Fall head over heels for Il Tartufo — this Italian hot spot is a fantastic spot for your next dinner date. Diners who avoid fat need to be careful, though, because Il Tartufo's menu does not offer low-fat options. Find time to peruse the wine list here — Il Tartufo offers a variety of drink options. Tap into the free wireless internet at Il Tartufo. Il Tartufo offers patio seating in the warmer months. Your pet pup can accompany you to Il Tartufo, which has a dog-friendly policy.
For those in a rush, the restaurant lets you take your food to go. For the tastes of Il Tartufo from the comfort of your next party, the restaurant also offers catering services.
Drivers can park on the street or a nearby lot near Il Tartufo.
The average check at Il Tartufo will stay below $30 per person, so it's a relatively affordable option. Il Tartufo is cash-only, so plan a trip to the ATM before heading over. Breakfast, lunch, and dinner are all served at the restaurant, but the dinner menu is the real standout.
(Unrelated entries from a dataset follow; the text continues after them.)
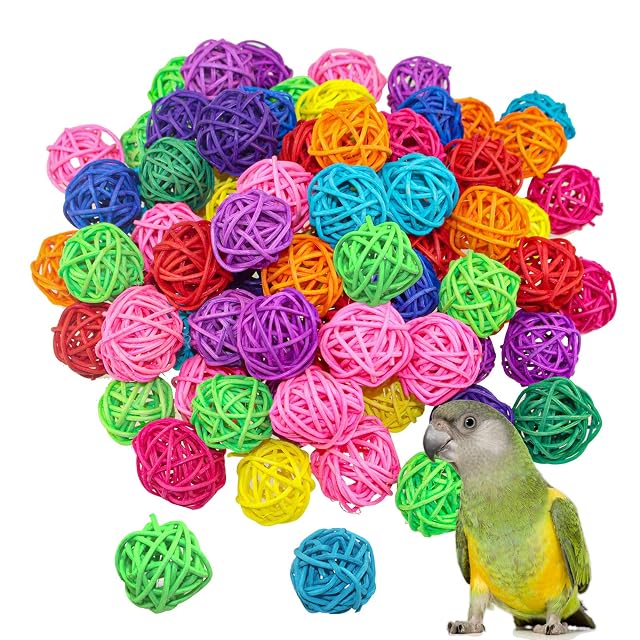VUAOHIY 80 bolas de mimbre de ratán, loro, pájaros, juguetes masticables para periquito, cacatúa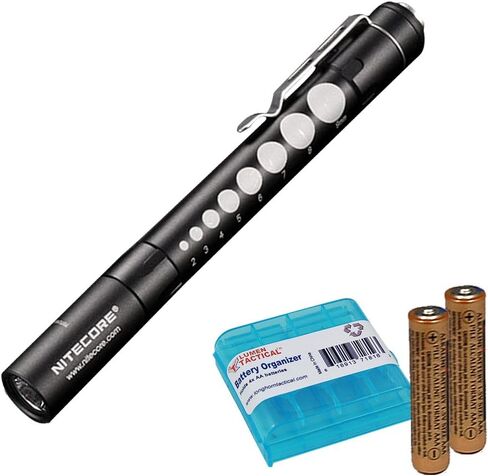 Nitecore MT06MD مصباح يدوي Penlight، 180 لومن LED للأطباء والممرضات وEMTs مع بطاريات AAA 2X ومنظم بطارية تكتيكي لومن (أسود مع مقياس الحدقة) in Saudi Arabia
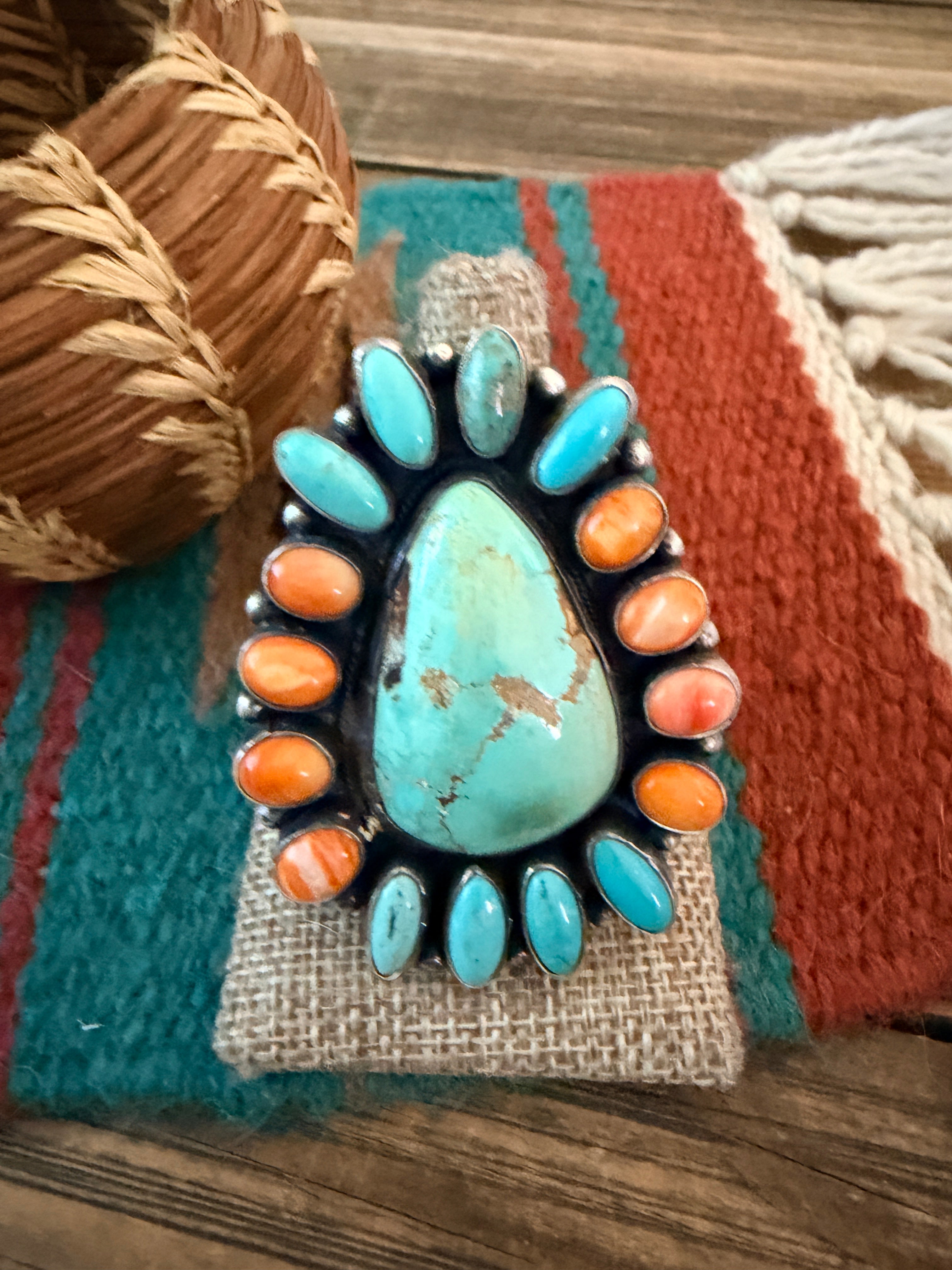 Handcrafted Spiny Oyster, Turquoise & Sterling Silver Cluster Ring by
Frank Sinatra tunes spill out to the sidewalk beneath the red awning of Emma's Cafe and Restaurant as servers inside carry veal parmigiana, warm bread, and sweet sea scallops to tables. Under the restaurant's BYOB policy, patrons may bring libations from home to accompany entrees.
The cheesesteak BLT sandwich at Vesuvio was named the best sandwich in America by the Today show. Though the reviews about the service at Vesuvio are mixed, Citysearchers give the restaurant an average rating of four stars. Yelpers give it a 2.5-star average, and 88% of Urbanspooners recommend the restaurant:
Village Belle has all the signs of a homecoming for chefs, co-owners, and brothers Louis and Joey Campanaro. Each blazed his own path in the culinary arts, running kitchens and garnering accolades in restaurants from Los Angeles to New York. After years of sharing their cooking with other cities and Philadelphia neighborhoods, the brothers joined forces in Queen Village, within blocks of where they were raised. This rededication to their roots also influences the brothers’ menus of seasonal, contemporary Italian cuisine. In addition to relying on their experience and their formal culinary training, the Campanaro brothers occasionally turn to one infallible source: childhood memories of their grandmother’s recipes. This dual commitment to satisfying, homestyle meals and refined flavor combinations appears throughout dishes such as the housemade tagliatelle pasta with ham and peas and the pork chop with herbed potatoes, vinegar-tinged peppers, and grain mustard. The dining room almost seems to take inspiration from pop art, combining pastel-blue and brown floor tiles with lipstick-red vinyl booths and chairs. In contrast, the bar—26 feet of solid mahogany accented by antique lighting—embraces a vintage aesthetic. When the sun finally reignites after winter, the restaurant also opens a small outdoor seating section for diners to enjoy their meals alfresco.